On June 21, President Bush is to welcome Vietnam's prime minister, Phan Van Khai, to the White House. It will mark the highest level visit of a Vietnamese official since the Vietnam War ended in 1975. Khai's visit will also denote the 10th anniversary of the official normalization of diplomatic relations between Washington and Hanoi.

With U.S.-Vietnam trade topping $6 billion a year, the U.S. Navy paying ceremonial port visits and Hanoi welcoming senior Pentagon officials for talks on improving military relations, one might assume the Khai visit's simple message would be the budding rapprochement between two old enemies. Li Thi Hong Lien symbolizes why it isn't so simple, and shouldn't be.

For Americans, Vietnam is not just another country. It's where we fought for a decade to defend an independent South Vietnam, Cambodia and Laos against a communist tide running across Indochina. Whatever the wisdom of that war, it left the United States with a moral obligation to our defeated, and abandoned, allies. Honor alone compels Washington to keep human rights on the agenda even as U.S.-Vietnam relations improve.
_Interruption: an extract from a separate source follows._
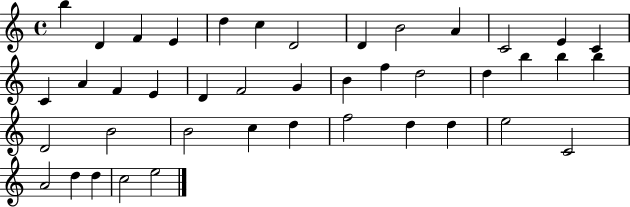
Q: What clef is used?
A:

Lamentably, there is no shortage of material for the human rights portion of that agenda.

The U.S. State Department's official 2004 report on Vietnam's violations of human rights runs 22 single-spaced pages. Washington's detailed reporting on Hanoi's repression is broadly confirmed by independent groups such as Human Rights Watch and Amnesty International. Human Rights Watch's 2005 World Report section on Vietnam begins with this blunt summary:

"Human rights conditions in Vietnam, already dismal, worsened in 2004. The government tolerates little public criticism of the Communist Party or statements calling for pluralism, democracy, or a free press. Dissidents are harassed, isolated, placed under house arrest, and in many cases, charged with crimes and imprisoned. Among those singled out are prominent intellectuals, writers, and former Communist Party stalwarts."
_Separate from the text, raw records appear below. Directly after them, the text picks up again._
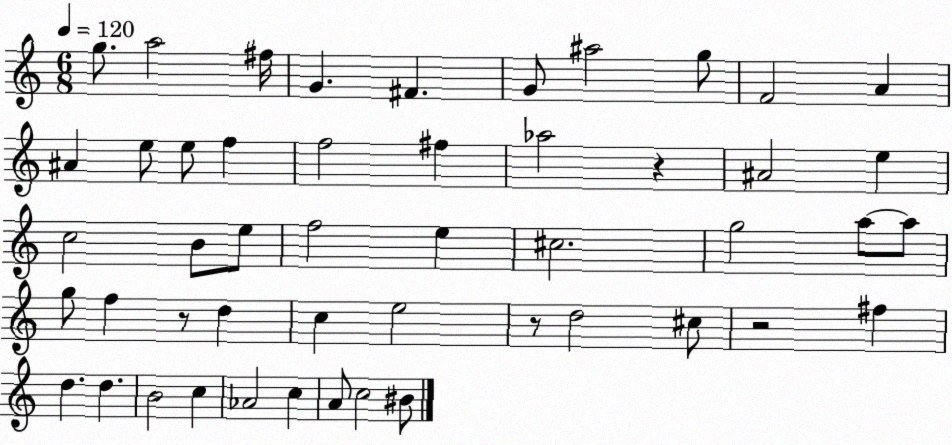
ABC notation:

X:1
T:Untitled
M:6/8
L:1/4
K:C
g/2 a2 ^f/4 G ^F G/2 ^a2 g/2 F2 A ^A e/2 e/2 f f2 ^f _a2 z ^A2 e c2 B/2 e/2 f2 e ^c2 g2 a/2 a/2 g/2 f z/2 d c e2 z/2 d2 ^c/2 z2 ^f d d B2 c _A2 c A/2 c2 ^B/2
Vietnam's suppression of religious freedom, a fundamental right enshrined in the United Nations' Universal Declaration of Human Rights, is particularly repugnant. Despite a constitution that ostensibly provides for freedom of worship, the Vietnamese government vigorously suppresses churches and religious movements it doesn't recognize and control. Among these, as cited by the State Department, are: "independent Buddhists, Baptists, Mennonites, Jehovah's Witnesses, Mormons, Baha'i, independent Cao Dai and Hoa Hao groups, independent Sunni Muslims, and ethnic Cham Hindus."

Hundreds of local Protestant churches, Ms. Lien's Mennonite congregation included, have been driven underground where the faithful gather in secret to worship.

Hanoi's repression of Christianity among the ethnic Montagnards, who inhabit the Central Highlands of former South Vietnam and the northwest provinces in northern Vietnam, has been especially cruel and brutal.

Montagnard refugees fleeing into Cambodia last year reported that entire Montagnard villages were forced at gunpoint to renounce Christianity. When the Montagnards – independent-minded mountain people who sided with the Americans during the Vietnam War – staged mass protests in April 2004, Vietnamese police and soldiers opened fire, killing scores and wounding hundreds more.

If President Bush and Secretary of State Rice are looking for symbolic cases to raise with Prime Minister Khai, they should include these cited by Amnesty International as prisoners of conscience:

-          Nguyen Hong Quang, a Mennonite pastor and human rights activist, arrested last November and sentenced to three years imprisonment.

-          Father Nguyen Van Ly, a Catholic priest, sentenced in 2001 as an alleged threat to Vietnam's security to 15 years in prison; a sentence since reduced to five years after international protests.

-          Dr. Nguyen Dan Que, 62 and in failing health, a human rights activist sentenced in 2003 to 30 months in prison after a three-hour trial at which he had no legal representation.

Could pressure from the United States ease political and religious repression in Vietnam? Absolutely.

Hanoi is eagerly seeking foreign investment for its version of a China-style "socialist-market" economy. It also appears to want improved relations with the United States as a counterweight to China's growing military power. Vietnam's prospects for getting both would be enhanced by treating its own people better, thereby becoming less of a human rights pariah.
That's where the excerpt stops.